• [Task requirements]:
Copy out the data so that nothing differs from the original.

Records excerpted from a collection:
※
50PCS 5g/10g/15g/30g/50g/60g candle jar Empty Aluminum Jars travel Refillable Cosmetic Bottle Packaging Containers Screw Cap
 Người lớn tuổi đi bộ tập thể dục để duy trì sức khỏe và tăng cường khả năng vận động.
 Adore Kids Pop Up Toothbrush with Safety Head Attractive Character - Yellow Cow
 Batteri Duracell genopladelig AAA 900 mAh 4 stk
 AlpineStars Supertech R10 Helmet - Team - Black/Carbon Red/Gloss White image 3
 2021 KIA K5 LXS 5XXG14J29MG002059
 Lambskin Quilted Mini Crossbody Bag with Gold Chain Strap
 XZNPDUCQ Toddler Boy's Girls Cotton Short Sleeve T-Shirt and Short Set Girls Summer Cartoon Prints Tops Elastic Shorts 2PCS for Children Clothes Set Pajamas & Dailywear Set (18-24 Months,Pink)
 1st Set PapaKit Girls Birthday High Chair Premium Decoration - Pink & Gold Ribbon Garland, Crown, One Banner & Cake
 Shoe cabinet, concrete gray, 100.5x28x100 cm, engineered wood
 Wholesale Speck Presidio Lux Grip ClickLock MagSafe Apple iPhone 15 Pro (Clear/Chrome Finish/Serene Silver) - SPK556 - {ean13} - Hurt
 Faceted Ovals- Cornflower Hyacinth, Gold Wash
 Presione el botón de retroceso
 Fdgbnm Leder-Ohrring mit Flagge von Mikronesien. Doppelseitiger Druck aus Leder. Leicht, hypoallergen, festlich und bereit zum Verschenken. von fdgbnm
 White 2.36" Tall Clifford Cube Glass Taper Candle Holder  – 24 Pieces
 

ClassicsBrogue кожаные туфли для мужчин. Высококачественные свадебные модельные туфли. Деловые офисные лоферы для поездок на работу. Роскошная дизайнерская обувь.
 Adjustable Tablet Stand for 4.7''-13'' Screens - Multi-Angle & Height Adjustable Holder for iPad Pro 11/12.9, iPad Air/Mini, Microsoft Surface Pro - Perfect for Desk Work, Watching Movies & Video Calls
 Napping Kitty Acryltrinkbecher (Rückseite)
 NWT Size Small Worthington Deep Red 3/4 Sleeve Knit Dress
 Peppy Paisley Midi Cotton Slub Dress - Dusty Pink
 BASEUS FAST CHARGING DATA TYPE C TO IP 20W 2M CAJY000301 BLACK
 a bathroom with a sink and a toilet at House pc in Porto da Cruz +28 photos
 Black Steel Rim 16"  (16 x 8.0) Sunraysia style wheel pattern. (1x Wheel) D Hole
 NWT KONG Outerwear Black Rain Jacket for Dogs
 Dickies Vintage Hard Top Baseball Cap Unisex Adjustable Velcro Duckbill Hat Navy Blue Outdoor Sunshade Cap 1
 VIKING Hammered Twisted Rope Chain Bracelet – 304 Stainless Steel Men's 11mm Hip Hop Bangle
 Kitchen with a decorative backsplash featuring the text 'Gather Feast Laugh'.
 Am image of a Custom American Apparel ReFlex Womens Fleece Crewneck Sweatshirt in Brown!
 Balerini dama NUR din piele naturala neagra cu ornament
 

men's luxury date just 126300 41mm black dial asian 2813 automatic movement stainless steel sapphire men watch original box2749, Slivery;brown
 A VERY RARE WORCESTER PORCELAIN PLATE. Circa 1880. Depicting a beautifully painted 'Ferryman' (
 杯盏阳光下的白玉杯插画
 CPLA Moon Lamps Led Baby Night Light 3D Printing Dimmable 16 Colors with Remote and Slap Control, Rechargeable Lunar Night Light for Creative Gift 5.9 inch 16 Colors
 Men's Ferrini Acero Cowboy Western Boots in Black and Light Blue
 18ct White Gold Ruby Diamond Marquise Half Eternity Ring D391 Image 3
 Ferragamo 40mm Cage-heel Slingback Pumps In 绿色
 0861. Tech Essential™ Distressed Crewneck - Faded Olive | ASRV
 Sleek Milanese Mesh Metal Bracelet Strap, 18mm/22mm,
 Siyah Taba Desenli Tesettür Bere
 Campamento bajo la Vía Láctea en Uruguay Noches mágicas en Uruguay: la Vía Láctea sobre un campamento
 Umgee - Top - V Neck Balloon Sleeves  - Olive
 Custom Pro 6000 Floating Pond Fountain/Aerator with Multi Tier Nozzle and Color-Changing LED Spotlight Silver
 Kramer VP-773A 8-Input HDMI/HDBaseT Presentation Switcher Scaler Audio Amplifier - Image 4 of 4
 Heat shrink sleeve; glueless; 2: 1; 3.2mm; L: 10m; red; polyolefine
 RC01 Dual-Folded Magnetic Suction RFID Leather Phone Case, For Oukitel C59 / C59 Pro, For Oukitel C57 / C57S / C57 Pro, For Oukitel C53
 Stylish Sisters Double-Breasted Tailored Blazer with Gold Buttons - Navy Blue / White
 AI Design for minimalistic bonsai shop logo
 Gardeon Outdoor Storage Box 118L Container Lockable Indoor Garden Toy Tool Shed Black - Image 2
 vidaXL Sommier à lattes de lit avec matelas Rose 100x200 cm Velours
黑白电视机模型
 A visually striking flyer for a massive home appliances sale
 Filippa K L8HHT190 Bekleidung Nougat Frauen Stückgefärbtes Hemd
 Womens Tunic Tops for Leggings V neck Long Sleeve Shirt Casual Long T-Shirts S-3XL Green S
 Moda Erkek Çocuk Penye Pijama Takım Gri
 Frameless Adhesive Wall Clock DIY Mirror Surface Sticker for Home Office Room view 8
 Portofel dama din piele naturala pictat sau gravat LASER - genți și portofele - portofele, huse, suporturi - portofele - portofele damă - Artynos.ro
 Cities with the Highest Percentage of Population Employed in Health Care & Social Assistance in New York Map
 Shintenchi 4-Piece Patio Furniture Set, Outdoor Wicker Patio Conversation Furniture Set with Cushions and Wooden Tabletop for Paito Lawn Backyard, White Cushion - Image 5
※
• [Answer to the problem]:
50PCS 5g/10g/15g/30g/50g/60g candle jar Empty Aluminum Jars travel Refillable Cosmetic Bottle Packaging Containers Screw Cap
 Người lớn tuổi đi bộ tập thể dục để duy trì sức khỏe và tăng cường khả năng vận động.
 Adore Kids Pop Up Toothbrush with Safety Head Attractive Character - Yellow Cow
 Batteri Duracell genopladelig AAA 900 mAh 4 stk
 AlpineStars Supertech R10 Helmet - Team - Black/Carbon Red/Gloss White image 3
 2021 KIA K5 LXS 5XXG14J29MG002059
 Lambskin Quilted Mini Crossbody Bag with Gold Chain Strap
 XZNPDUCQ Toddler Boy's Girls Cotton Short Sleeve T-Shirt and Short Set Girls Summer Cartoon Prints Tops Elastic Shorts 2PCS for Children Clothes Set Pajamas & Dailywear Set (18-24 Months,Pink)
 1st Set PapaKit Girls Birthday High Chair Premium Decoration - Pink & Gold Ribbon Garland, Crown, One Banner & Cake
 Shoe cabinet, concrete gray, 100.5x28x100 cm, engineered wood
 Wholesale Speck Presidio Lux Grip ClickLock MagSafe Apple iPhone 15 Pro (Clear/Chrome Finish/Serene Silver) - SPK556 - {ean13} - Hurt
 Faceted Ovals- Cornflower Hyacinth, Gold Wash
 Presione el botón de retroceso
 Fdgbnm Leder-Ohrring mit Flagge von Mikronesien. Doppelseitiger Druck aus Leder. Leicht, hypoallergen, festlich und bereit zum Verschenken. von fdgbnm
 White 2.36" Tall Clifford Cube Glass Taper Candle Holder  – 24 Pieces
 

ClassicsBrogue кожаные туфли для мужчин. Высококачественные свадебные модельные туфли. Деловые офисные лоферы для поездок на работу. Роскошная дизайнерская обувь.
 Adjustable Tablet Stand for 4.7''-13'' Screens - Multi-Angle & Height Adjustable Holder for iPad Pro 11/12.9, iPad Air/Mini, Microsoft Surface Pro - Perfect for Desk Work, Watching Movies & Video Calls
 Napping Kitty Acryltrinkbecher (Rückseite)
 NWT Size Small Worthington Deep Red 3/4 Sleeve Knit Dress
 Peppy Paisley Midi Cotton Slub Dress - Dusty Pink
 BASEUS FAST CHARGING DATA TYPE C TO IP 20W 2M CAJY000301 BLACK
 a bathroom with a sink and a toilet at House pc in Porto da Cruz +28 photos
 Black Steel Rim 16"  (16 x 8.0) Sunraysia style wheel pattern. (1x Wheel) D Hole
 NWT KONG Outerwear Black Rain Jacket for Dogs
 Dickies Vintage Hard Top Baseball Cap Unisex Adjustable Velcro Duckbill Hat Navy Blue Outdoor Sunshade Cap 1
 VIKING Hammered Twisted Rope Chain Bracelet – 304 Stainless Steel Men's 11mm Hip Hop Bangle
 Kitchen with a decorative backsplash featuring the text 'Gather Feast Laugh'.
 Am image of a Custom American Apparel ReFlex Womens Fleece Crewneck Sweatshirt in Brown!
 Balerini dama NUR din piele naturala neagra cu ornament
 

men's luxury date just 126300 41mm black dial asian 2813 automatic movement stainless steel sapphire men watch original box2749, Slivery;brown
 A VERY RARE WORCESTER PORCELAIN PLATE. Circa 1880. Depicting a beautifully painted 'Ferryman' (
 杯盏阳光下的白玉杯插画
 CPLA Moon Lamps Led Baby Night Light 3D Printing Dimmable 16 Colors with Remote and Slap Control, Rechargeable Lunar Night Light for Creative Gift 5.9 inch 16 Colors
 Men's Ferrini Acero Cowboy Western Boots in Black and Light Blue
 18ct White Gold Ruby Diamond Marquise Half Eternity Ring D391 Image 3
 Ferragamo 40mm Cage-heel Slingback Pumps In 绿色
 0861. Tech Essential™ Distressed Crewneck - Faded Olive | ASRV
 Sleek Milanese Mesh Metal Bracelet Strap, 18mm/22mm,
 Siyah Taba Desenli Tesettür Bere
 Campamento bajo la Vía Láctea en Uruguay Noches mágicas en Uruguay: la Vía Láctea sobre un campamento
 Umgee - Top - V Neck Balloon Sleeves  - Olive
 Custom Pro 6000 Floating Pond Fountain/Aerator with Multi Tier Nozzle and Color-Changing LED Spotlight Silver
 Kramer VP-773A 8-Input HDMI/HDBaseT Presentation Switcher Scaler Audio Amplifier - Image 4 of 4
 Heat shrink sleeve; glueless; 2: 1; 3.2mm; L: 10m; red; polyolefine
 RC01 Dual-Folded Magnetic Suction RFID Leather Phone Case, For Oukitel C59 / C59 Pro, For Oukitel C57 / C57S / C57 Pro, For Oukitel C53
 Stylish Sisters Double-Breasted Tailored Blazer with Gold Buttons - Navy Blue / White
 AI Design for minimalistic bonsai shop logo
 Gardeon Outdoor Storage Box 118L Container Lockable Indoor Garden Toy Tool Shed Black - Image 2
 vidaXL Sommier à lattes de lit avec matelas Rose 100x200 cm Velours
黑白电视机模型
 A visually striking flyer for a massive home appliances sale
 Filippa K L8HHT190 Bekleidung Nougat Frauen Stückgefärbtes Hemd
 Womens Tunic Tops for Leggings V neck Long Sleeve Shirt Casual Long T-Shirts S-3XL Green S
 Moda Erkek Çocuk Penye Pijama Takım Gri
 Frameless Adhesive Wall Clock DIY Mirror Surface Sticker for Home Office Room view 8
 Portofel dama din piele naturala pictat sau gravat LASER - genți și portofele - portofele, huse, suporturi - portofele - portofele damă - Artynos.ro
 Cities with the Highest Percentage of Population Employed in Health Care & Social Assistance in New York Map
 Shintenchi 4-Piece Patio Furniture Set, Outdoor Wicker Patio Conversation Furniture Set with Cushions and Wooden Tabletop for Paito Lawn Backyard, White Cushion - Image 5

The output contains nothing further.